Both Deutsche Bank and Matrix Securities are launching hedge fund products for the retail market. Abbey National Asset Managers is planning to market three hedge funds for wealthy private investors and institutions.
The Deutsche product will be called Xavex and will be an Isable product with a minimum investment of £7,000. It will be a fund of hedge funds, holding around 20 hedge funds, making the product far less volatile than a single hedge fund.
The Matrix product, to be launched on February 5, is called the Conservative Approach Strategy fund in a deliberate ploy to play down connotations of risk. Matrix's promotional literature does not use the term hedge fund, preferring to call it a fund of alternative investment funds.
Most hedge funds are unregulated investments based offshore and so do not come under the eye of the FSA. For this reason, most IFAs are not permitted to market them.
This limitation, together with a historical approach of minimum investments in the region of £100,000, has prevented hedge funds becoming available to the man in the street.
At present, there are around 4,300 IFAs authorised to deal with hedge funds. But as Xavex will be listed on the London Stock Exchange, any IFA will be able to promote it but those wanting to offer hedge funds should contact the FSA to confirm their status.
The Matrix fund is quoted on the Irish stock exchange and so only specially authorised IFAs can market it.
Xavex, registered in Guernsey, can be listed on the London Stock Exchange as it is an investment company, being a fund of hedge funds and not a hedge fund itself. Deutsche is waiting for approval of the product but does not foresee any regulatory problems.
Xavex will be completely transparent, Deutsche says, with the holdings published monthly on a website.
Deutsche director of investment funds research Martin Fothergill believes the risk in hedge funds has been overplayed. He says: “Some hedge funds are high-risk. A lot of others are very conservatively managed. Hedge funds are uncorrellated to equity markets and also uncorrellated to each other. Therefore, when you combine them in a fund of funds the risk goes down.
“If you put a diversified portfolio of hedge funds into an equity portfolio, empirical data shows it reduces the risk of the whole portfolio and increases the return.” He recommends 5 to 15 per cent exposure to hedge funds in a portfolio.
The Matrix fund has a minimum investment of £10,000 or $15,000. Its Irish stock exchange approval means it qualifies fully for Sipp and SSAS investments. It offers two classes of shares – a dollar class at the mercy of currency fluctuations and a sterling class. It aims to produce 12 to 14 per cent a year growth in dollars and 10 to 12 per cent in sterling, with volatility no greater than the fiveto 15-year Government gilt index.
Matrix director Bridget Cleverly says: “We are using Tremont advisers, one of the top three fund of hedge funds advisers in the world. Employing such a professional team, which has 75 staff, provides best of breed managers who can vary allocation as macroeconomic events change.”

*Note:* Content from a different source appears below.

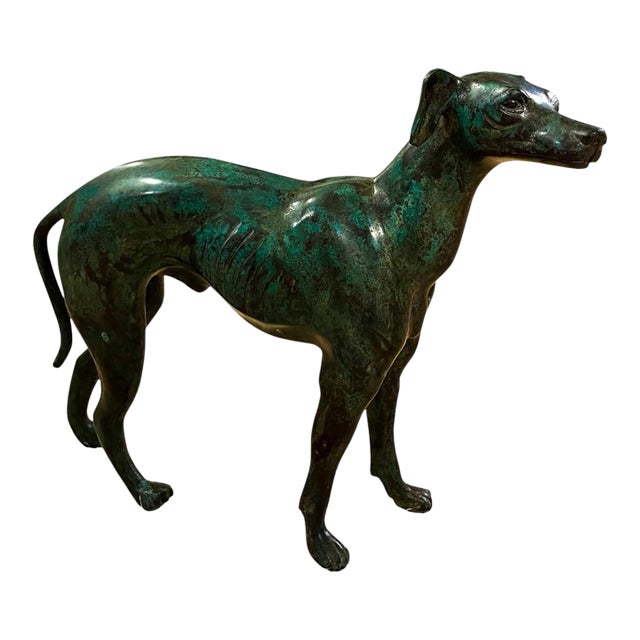 Large Mid 20th Century Bronze Greyhound Table Sculpture With Verdigris Patina, Dog Statue For Sale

Hedge funds use a number of strategies, based on the theory that inefficiencies in the market mean opportunities arise where investors can exploit mispriced securities without incurring excessive levels of risk.
For example, an equity market neutral strategy aims to find pairs of shares that historically have traded within the same trading range but are currently outside their longer-term trading range. The manager buys the one he believes is underpriced, sells the overpriced stock and waits for the spread to close.
Xavex will be marketed through IFAs who will be watching the success of the new hedge fund products with interest. Some IFAs believe access to well-motivated fund managers given greater freedom to invest will appeal to the UK consumer.
Hargreaves Lansdown investment manager Ben Yearsley says: “I think consumers will go for it. We are very keen on the Xavex product. You can get it in an Isa, it is low risk and it is targeting growth of 12 to 15 per cent.
“Hedge funds have been completely misunderstood. They are associated with George Soros and his breaking of the Bank of England. But there are low-risk products. The job for IFAs will be to educate the investing public. There is no difference between low-risk and high-risk unit trusts. With time you will have a similar range of hedge funds.”
Yearsley believes Xavex is coming at a good time for IFAs. He says: “Isa sales have been a bit slow recently and it will give a welcome boost to the Isa market.”
Chase de Vere marketing sales and investment manager Anna Bowes says: “We shall be looking at these developments with interest. Something new on the market is always welcomed.”